Accordingly, the entire action shall be transferred pursuant to §1406(a) to the United States District Court for the Eastern District of Pennsylvania. Because the Court has elected to transfer this case on the basis of improper venue, we need not address Defendant-Markham's Motion to Dismiss for Lack of Personal Jurisdiction.

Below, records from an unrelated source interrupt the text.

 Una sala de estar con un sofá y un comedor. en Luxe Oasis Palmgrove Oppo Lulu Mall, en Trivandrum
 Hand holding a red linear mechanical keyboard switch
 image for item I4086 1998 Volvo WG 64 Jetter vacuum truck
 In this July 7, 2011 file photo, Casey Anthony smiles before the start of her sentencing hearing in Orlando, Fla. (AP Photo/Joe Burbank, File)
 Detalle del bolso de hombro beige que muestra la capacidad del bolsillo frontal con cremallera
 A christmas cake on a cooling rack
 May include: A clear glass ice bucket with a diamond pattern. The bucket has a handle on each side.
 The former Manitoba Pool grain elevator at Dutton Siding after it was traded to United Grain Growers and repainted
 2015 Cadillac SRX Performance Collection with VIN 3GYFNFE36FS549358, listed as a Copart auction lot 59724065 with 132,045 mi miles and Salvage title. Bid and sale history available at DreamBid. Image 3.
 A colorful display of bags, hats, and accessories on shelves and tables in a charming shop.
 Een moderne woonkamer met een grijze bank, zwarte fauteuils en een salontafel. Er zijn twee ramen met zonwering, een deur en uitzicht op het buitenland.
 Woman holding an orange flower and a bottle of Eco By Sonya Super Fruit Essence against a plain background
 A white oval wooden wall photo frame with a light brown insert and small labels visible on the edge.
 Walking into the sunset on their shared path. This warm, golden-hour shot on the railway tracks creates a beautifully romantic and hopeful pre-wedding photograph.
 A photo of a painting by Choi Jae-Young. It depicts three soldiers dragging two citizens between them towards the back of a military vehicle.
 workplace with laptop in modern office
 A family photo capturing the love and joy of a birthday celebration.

Accordingly, and for the reasons set forth above, having considered Defendants' Motion to Dismiss for Improper Venue [dkt. 12], it is HEREBY ORDERED that the entire present action be TRANSFERRED to the United States District Court for the Eastern District of Pennsylvania pursuant to 28 U.S.C. §1406(a). Additionally, Defendant-Markham's Motion to Dismiss for Lack of Personal Jurisdiction [dkt. 13] is DENIED as moot.
IT IS SO ORDERED.
28 U.S.C. §1391(c) was subsequently amended by the Federal Courts Jurisdiction and Venue Clarification Act of 2011. Act of Dec. 7, 2011, Pub. L. No. 112-63, 125 Stat 758. As amended, the definition of "residency" provided in §1391(c) expressly applies "[f]or all venue purposes," including patent infringement actions under §1400(b). Thus, the scope of §1391(c) as amended is even broader than the previous version interpreted in VE Holding Corp., and this Court's conclusion that §1391(c) supplements §1400(b) is consistent with the holding in VE Holding Corp. as well as the plain language of §1391(c).